**Your instructions**
Return all lines of the records that contain the word "laptop".
"""
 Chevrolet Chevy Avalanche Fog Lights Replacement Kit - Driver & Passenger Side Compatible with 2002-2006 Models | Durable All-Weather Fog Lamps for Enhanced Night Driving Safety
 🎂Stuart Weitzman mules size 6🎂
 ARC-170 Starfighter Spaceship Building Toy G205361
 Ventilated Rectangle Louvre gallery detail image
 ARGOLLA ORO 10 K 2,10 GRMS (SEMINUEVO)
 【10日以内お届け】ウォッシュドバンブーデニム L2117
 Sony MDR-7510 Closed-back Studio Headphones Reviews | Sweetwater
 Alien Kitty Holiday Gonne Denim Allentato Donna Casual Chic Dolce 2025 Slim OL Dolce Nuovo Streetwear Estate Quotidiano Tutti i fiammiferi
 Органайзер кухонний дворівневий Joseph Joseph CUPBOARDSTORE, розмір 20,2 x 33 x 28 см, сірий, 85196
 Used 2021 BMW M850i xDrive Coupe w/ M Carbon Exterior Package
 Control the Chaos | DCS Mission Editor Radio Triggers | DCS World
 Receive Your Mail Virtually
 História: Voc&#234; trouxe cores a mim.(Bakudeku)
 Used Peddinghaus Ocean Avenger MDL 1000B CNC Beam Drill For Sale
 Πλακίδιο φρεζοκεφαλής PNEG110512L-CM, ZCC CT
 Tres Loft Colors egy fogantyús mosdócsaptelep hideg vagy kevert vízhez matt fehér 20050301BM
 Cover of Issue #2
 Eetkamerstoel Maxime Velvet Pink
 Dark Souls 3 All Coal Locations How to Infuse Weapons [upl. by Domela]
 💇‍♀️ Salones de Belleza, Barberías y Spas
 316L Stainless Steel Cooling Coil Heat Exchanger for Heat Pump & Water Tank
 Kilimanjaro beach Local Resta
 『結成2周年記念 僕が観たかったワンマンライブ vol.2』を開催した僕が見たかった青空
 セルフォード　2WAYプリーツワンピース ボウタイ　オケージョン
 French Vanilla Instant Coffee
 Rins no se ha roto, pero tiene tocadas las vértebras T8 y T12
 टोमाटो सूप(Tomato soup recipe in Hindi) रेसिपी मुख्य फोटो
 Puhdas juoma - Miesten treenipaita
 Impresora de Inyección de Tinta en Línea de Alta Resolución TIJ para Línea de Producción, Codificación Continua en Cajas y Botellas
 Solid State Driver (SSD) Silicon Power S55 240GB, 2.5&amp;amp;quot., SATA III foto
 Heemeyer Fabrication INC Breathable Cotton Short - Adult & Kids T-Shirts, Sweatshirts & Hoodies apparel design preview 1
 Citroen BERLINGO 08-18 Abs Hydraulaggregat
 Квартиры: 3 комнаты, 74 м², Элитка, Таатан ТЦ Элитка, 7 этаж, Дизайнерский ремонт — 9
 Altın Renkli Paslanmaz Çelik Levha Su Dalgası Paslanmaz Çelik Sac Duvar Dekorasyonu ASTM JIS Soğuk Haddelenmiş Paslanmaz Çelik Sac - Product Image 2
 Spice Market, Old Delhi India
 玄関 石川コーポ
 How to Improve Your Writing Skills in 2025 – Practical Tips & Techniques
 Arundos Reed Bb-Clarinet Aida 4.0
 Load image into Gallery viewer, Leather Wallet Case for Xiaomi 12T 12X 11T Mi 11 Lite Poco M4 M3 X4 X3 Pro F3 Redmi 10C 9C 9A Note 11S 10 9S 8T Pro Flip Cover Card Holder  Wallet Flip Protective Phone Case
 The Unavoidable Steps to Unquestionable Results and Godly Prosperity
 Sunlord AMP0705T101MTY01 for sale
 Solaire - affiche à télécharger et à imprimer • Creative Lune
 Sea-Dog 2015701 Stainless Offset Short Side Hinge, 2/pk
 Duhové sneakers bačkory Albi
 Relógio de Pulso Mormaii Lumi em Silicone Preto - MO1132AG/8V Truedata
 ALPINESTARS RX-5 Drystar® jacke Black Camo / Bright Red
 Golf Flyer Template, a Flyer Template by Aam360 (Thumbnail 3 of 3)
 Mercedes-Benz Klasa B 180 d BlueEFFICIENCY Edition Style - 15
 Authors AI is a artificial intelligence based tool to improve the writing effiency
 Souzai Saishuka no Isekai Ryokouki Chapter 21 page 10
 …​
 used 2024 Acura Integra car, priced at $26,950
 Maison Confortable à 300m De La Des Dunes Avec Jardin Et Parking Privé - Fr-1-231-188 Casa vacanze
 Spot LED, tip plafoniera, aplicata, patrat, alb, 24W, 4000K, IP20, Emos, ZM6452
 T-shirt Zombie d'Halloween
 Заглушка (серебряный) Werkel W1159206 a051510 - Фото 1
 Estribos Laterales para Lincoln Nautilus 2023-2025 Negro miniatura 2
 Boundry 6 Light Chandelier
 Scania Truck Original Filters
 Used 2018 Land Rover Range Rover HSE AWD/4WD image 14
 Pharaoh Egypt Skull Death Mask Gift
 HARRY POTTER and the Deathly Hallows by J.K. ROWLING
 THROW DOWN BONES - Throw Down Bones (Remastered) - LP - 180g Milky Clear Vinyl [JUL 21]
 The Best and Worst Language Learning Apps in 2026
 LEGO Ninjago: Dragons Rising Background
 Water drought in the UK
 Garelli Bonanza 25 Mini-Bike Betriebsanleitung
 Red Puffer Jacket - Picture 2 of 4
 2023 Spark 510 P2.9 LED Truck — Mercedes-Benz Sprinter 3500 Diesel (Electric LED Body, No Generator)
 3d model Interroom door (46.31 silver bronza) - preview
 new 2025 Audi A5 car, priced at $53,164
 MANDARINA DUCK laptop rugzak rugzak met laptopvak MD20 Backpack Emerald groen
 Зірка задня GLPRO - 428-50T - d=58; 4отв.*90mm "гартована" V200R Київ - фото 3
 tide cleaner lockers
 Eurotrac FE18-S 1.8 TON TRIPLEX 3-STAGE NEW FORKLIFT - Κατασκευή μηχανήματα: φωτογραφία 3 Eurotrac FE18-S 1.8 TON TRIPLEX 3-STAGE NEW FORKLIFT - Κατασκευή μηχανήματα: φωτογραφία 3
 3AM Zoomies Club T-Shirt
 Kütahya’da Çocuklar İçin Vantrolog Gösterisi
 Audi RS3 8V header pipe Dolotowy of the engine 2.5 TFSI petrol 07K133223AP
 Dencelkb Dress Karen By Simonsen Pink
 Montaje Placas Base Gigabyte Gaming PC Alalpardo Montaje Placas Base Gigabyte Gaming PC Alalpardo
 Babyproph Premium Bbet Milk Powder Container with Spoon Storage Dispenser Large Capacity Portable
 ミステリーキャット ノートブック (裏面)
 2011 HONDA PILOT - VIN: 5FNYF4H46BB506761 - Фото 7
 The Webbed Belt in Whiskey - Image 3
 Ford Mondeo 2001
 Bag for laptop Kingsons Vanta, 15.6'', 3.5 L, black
"""
**Expected answer**
 MANDARINA DUCK laptop rugzak rugzak met laptopvak MD20 Backpack Emerald groen
 Bag for laptop Kingsons Vanta, 15.6'', 3.5 L, black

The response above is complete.